Simbex Commercialization Services Consultant Angela Smalley, PhD led the construction and execution of the course. The inspiration for the DIAC course design came from previous iterations of the Commercialization Advancement Cohort, a multi-unit online educational program focusing on business development milestones for medical devices, funded by NIH-TREAT and the Small Business Administration, which had also been led by Dr. Smalley. Each unit of the DIAC course consisted of a pre- recorded lecture by a multidisciplinary team of industry experts, relevant articles to read, an assignment, all of which could be completed asynchronously to accommodate the professional participants’ busy schedules. Once per week, a large-group discussion session provided an anchor-point to the unit and functioned as a time for participants to interact. Discussion topics coordinated with the unit content and were an opportunity for Q&A with guest specialists. For some course units, separate lectures and readings were prepared for entrepreneurs working in either the medical device or pharmaceutical spaces. Simbex tapped the expertise of Celdara Medical CEO Jake Reder, PhD, to provide the pharma-specific content.

“It was an honor leading a course for such brilliant scientists and I appreciated the opportunity to provide this high-value foundational content to the Accelerator participants,” Dr. Smalley says. “It is inspiring to think that we helped equip these researchers to take their innovations beyond the lab and apply their new knowledge and skill sets to be successful in innovation, entrepreneurship, and commercialization.”

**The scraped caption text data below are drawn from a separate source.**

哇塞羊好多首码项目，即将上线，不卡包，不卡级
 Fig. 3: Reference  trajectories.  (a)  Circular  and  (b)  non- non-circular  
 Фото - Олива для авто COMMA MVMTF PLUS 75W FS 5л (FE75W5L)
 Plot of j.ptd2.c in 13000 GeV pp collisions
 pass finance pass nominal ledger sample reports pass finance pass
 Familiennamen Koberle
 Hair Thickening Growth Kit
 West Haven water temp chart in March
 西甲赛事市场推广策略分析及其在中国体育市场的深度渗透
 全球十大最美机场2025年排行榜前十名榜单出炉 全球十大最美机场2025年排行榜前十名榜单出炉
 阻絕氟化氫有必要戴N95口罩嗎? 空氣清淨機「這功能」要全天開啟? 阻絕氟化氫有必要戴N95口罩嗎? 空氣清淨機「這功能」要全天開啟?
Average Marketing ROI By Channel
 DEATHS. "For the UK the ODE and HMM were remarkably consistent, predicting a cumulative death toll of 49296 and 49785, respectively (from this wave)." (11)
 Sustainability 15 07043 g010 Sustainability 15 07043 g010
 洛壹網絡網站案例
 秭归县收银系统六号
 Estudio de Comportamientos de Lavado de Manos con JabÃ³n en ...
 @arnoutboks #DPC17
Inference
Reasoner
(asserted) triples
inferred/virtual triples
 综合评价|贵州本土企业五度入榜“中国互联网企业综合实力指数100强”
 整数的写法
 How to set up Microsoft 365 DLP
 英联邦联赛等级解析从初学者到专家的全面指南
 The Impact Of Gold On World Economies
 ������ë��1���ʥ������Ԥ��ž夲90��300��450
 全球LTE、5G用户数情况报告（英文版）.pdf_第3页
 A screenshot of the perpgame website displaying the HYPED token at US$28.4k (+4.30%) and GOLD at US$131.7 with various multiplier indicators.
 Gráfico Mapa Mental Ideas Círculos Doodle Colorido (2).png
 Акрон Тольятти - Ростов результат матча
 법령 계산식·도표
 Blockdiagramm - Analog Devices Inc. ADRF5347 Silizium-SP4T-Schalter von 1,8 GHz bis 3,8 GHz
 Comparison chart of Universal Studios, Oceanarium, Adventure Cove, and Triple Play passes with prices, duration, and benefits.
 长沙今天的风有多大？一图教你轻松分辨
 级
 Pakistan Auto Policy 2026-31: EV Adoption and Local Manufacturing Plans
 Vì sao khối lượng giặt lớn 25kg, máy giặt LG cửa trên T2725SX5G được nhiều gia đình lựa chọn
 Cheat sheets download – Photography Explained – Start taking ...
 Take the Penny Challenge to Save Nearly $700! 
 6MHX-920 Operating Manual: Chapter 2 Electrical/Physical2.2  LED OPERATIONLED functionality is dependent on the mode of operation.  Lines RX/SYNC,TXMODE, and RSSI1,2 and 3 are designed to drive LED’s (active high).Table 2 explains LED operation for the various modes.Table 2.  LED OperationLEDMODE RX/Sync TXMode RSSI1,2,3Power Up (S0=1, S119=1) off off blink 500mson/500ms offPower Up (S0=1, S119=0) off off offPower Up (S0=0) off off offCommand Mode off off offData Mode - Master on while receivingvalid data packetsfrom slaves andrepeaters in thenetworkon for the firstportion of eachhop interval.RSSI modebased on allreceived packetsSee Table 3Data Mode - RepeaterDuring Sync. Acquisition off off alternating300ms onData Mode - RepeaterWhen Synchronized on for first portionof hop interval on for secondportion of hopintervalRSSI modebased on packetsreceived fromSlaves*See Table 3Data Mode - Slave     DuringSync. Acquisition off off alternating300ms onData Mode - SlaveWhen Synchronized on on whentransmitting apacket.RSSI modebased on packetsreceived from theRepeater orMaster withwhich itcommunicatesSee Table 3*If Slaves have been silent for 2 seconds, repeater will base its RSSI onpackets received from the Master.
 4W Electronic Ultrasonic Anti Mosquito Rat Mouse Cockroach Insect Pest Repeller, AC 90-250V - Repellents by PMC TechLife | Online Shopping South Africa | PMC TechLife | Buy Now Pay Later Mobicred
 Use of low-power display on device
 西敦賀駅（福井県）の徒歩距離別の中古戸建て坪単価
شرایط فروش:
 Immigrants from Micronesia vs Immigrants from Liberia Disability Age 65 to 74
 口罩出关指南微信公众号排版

Throughout the course, participants created step-by-step, multiyear plans for the development of their innovations and at the conclusion participated in a high-stakes pitch competition, with three awards of $300K, $100K and $50K provided by Accelerator donors. “I had a great time participating in the accelerator,” says Matthew LeBoeuf, MD, PhD, Section Chief and Director of Mohs Micrographic Surgery at Dartmouth-Hitchcock Medical Center and co-founder of startup Arctic AI. “Learning and applying new concepts, our team worked to build a foundation for our company that will help us navigate the business world as we work to translate our clinical research and experience into a real-life product that can help people. Along the way, I felt fortunate to interact with the team from Simbex and get feedback from experts involved in all facets of the process. Experiences like this highlight the incredible opportunities at Dartmouth and in the Upper Valley.”